BRIEF: Every word of the data must be reproduced in your reply exactly.

### GIVEN DATA ###

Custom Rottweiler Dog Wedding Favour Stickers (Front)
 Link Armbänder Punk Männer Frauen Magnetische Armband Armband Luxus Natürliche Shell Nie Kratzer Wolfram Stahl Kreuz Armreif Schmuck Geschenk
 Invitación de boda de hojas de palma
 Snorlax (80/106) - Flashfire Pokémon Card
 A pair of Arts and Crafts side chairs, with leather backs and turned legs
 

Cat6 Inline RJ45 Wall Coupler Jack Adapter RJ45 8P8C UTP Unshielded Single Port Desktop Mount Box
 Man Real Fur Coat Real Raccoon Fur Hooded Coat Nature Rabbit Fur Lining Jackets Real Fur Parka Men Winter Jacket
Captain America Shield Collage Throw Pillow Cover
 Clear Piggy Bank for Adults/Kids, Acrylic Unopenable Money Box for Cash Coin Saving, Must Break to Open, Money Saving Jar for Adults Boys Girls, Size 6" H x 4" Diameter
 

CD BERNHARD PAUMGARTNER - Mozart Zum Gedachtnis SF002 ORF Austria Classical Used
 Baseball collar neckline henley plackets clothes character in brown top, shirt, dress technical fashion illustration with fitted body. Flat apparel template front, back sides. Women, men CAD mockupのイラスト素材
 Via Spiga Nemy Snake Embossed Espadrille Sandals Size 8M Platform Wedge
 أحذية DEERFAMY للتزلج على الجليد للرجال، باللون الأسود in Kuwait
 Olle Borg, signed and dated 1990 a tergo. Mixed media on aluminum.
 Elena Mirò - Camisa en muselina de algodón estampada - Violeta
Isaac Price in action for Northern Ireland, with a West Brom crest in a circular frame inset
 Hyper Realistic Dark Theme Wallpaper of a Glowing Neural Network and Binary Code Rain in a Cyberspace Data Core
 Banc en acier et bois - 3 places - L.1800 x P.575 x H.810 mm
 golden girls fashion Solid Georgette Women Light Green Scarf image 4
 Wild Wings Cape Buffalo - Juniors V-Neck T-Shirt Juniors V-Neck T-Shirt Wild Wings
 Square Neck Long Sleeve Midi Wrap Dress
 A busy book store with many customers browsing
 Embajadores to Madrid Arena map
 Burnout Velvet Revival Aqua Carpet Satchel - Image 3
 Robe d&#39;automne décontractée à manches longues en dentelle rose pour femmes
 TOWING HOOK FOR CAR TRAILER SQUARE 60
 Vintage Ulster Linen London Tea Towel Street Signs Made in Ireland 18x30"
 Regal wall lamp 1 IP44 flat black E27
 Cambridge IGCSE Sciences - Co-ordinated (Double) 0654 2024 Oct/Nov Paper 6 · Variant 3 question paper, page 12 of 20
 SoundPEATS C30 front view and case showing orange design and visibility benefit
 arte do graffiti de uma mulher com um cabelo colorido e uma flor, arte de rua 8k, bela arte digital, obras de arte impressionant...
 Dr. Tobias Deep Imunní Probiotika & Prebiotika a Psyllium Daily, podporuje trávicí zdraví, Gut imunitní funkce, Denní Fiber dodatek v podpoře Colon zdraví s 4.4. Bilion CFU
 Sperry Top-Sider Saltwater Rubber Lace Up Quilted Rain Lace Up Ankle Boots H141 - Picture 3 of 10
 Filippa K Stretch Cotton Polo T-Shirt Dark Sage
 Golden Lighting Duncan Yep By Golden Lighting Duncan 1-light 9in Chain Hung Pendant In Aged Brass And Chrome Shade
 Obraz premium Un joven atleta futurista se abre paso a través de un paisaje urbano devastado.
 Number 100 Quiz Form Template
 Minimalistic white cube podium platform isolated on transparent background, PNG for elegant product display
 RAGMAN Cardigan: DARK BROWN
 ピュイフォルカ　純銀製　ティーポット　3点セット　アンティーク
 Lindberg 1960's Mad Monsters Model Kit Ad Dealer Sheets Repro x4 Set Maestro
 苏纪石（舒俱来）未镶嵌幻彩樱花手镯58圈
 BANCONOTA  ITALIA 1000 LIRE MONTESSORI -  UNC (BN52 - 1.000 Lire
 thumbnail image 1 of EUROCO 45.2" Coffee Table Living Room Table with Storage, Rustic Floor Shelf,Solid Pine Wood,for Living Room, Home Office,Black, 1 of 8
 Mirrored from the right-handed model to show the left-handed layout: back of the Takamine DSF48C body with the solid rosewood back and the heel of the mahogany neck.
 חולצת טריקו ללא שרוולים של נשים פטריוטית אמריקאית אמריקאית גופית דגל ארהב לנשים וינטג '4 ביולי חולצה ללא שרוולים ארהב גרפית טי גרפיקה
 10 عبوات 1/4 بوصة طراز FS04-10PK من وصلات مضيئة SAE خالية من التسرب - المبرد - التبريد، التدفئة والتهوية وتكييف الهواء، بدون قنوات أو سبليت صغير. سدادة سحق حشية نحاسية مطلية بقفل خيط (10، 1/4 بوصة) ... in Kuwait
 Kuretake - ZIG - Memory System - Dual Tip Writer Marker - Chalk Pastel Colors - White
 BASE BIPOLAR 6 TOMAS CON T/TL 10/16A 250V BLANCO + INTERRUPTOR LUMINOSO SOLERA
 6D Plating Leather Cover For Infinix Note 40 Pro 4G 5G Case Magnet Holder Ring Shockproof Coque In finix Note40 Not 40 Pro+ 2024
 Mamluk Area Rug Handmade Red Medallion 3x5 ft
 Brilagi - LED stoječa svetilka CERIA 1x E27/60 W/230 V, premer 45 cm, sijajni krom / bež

###

RESPONSE TO THIS TASK:
Custom Rottweiler Dog Wedding Favour Stickers (Front)
 Link Armbänder Punk Männer Frauen Magnetische Armband Armband Luxus Natürliche Shell Nie Kratzer Wolfram Stahl Kreuz Armreif Schmuck Geschenk
 Invitación de boda de hojas de palma
 Snorlax (80/106) - Flashfire Pokémon Card
 A pair of Arts and Crafts side chairs, with leather backs and turned legs
 

Cat6 Inline RJ45 Wall Coupler Jack Adapter RJ45 8P8C UTP Unshielded Single Port Desktop Mount Box
 Man Real Fur Coat Real Raccoon Fur Hooded Coat Nature Rabbit Fur Lining Jackets Real Fur Parka Men Winter Jacket
Captain America Shield Collage Throw Pillow Cover
 Clear Piggy Bank for Adults/Kids, Acrylic Unopenable Money Box for Cash Coin Saving, Must Break to Open, Money Saving Jar for Adults Boys Girls, Size 6" H x 4" Diameter
 

CD BERNHARD PAUMGARTNER - Mozart Zum Gedachtnis SF002 ORF Austria Classical Used
 Baseball collar neckline henley plackets clothes character in brown top, shirt, dress technical fashion illustration with fitted body. Flat apparel template front, back sides. Women, men CAD mockupのイラスト素材
 Via Spiga Nemy Snake Embossed Espadrille Sandals Size 8M Platform Wedge
 أحذية DEERFAMY للتزلج على الجليد للرجال، باللون الأسود in Kuwait
 Olle Borg, signed and dated 1990 a tergo. Mixed media on aluminum.
 Elena Mirò - Camisa en muselina de algodón estampada - Violeta
Isaac Price in action for Northern Ireland, with a West Brom crest in a circular frame inset
 Hyper Realistic Dark Theme Wallpaper of a Glowing Neural Network and Binary Code Rain in a Cyberspace Data Core
 Banc en acier et bois - 3 places - L.1800 x P.575 x H.810 mm
 golden girls fashion Solid Georgette Women Light Green Scarf image 4
 Wild Wings Cape Buffalo - Juniors V-Neck T-Shirt Juniors V-Neck T-Shirt Wild Wings
 Square Neck Long Sleeve Midi Wrap Dress
 A busy book store with many customers browsing
 Embajadores to Madrid Arena map
 Burnout Velvet Revival Aqua Carpet Satchel - Image 3
 Robe d&#39;automne décontractée à manches longues en dentelle rose pour femmes
 TOWING HOOK FOR CAR TRAILER SQUARE 60
 Vintage Ulster Linen London Tea Towel Street Signs Made in Ireland 18x30"
 Regal wall lamp 1 IP44 flat black E27
 Cambridge IGCSE Sciences - Co-ordinated (Double) 0654 2024 Oct/Nov Paper 6 · Variant 3 question paper, page 12 of 20
 SoundPEATS C30 front view and case showing orange design and visibility benefit
 arte do graffiti de uma mulher com um cabelo colorido e uma flor, arte de rua 8k, bela arte digital, obras de arte impressionant...
 Dr. Tobias Deep Imunní Probiotika & Prebiotika a Psyllium Daily, podporuje trávicí zdraví, Gut imunitní funkce, Denní Fiber dodatek v podpoře Colon zdraví s 4.4. Bilion CFU
 Sperry Top-Sider Saltwater Rubber Lace Up Quilted Rain Lace Up Ankle Boots H141 - Picture 3 of 10
 Filippa K Stretch Cotton Polo T-Shirt Dark Sage
 Golden Lighting Duncan Yep By Golden Lighting Duncan 1-light 9in Chain Hung Pendant In Aged Brass And Chrome Shade
 Obraz premium Un joven atleta futurista se abre paso a través de un paisaje urbano devastado.
 Number 100 Quiz Form Template
 Minimalistic white cube podium platform isolated on transparent background, PNG for elegant product display
 RAGMAN Cardigan: DARK BROWN
 ピュイフォルカ　純銀製　ティーポット　3点セット　アンティーク
 Lindberg 1960's Mad Monsters Model Kit Ad Dealer Sheets Repro x4 Set Maestro
 苏纪石（舒俱来）未镶嵌幻彩樱花手镯58圈
 BANCONOTA  ITALIA 1000 LIRE MONTESSORI -  UNC (BN52 - 1.000 Lire
 thumbnail image 1 of EUROCO 45.2" Coffee Table Living Room Table with Storage, Rustic Floor Shelf,Solid Pine Wood,for Living Room, Home Office,Black, 1 of 8
 Mirrored from the right-handed model to show the left-handed layout: back of the Takamine DSF48C body with the solid rosewood back and the heel of the mahogany neck.
 חולצת טריקו ללא שרוולים של נשים פטריוטית אמריקאית אמריקאית גופית דגל ארהב לנשים וינטג '4 ביולי חולצה ללא שרוולים ארהב גרפית טי גרפיקה
 10 عبوات 1/4 بوصة طراز FS04-10PK من وصلات مضيئة SAE خالية من التسرب - المبرد - التبريد، التدفئة والتهوية وتكييف الهواء، بدون قنوات أو سبليت صغير. سدادة سحق حشية نحاسية مطلية بقفل خيط (10، 1/4 بوصة) ... in Kuwait
 Kuretake - ZIG - Memory System - Dual Tip Writer Marker - Chalk Pastel Colors - White
 BASE BIPOLAR 6 TOMAS CON T/TL 10/16A 250V BLANCO + INTERRUPTOR LUMINOSO SOLERA
 6D Plating Leather Cover For Infinix Note 40 Pro 4G 5G Case Magnet Holder Ring Shockproof Coque In finix Note40 Not 40 Pro+ 2024
 Mamluk Area Rug Handmade Red Medallion 3x5 ft
 Brilagi - LED stoječa svetilka CERIA 1x E27/60 W/230 V, premer 45 cm, sijajni krom / bež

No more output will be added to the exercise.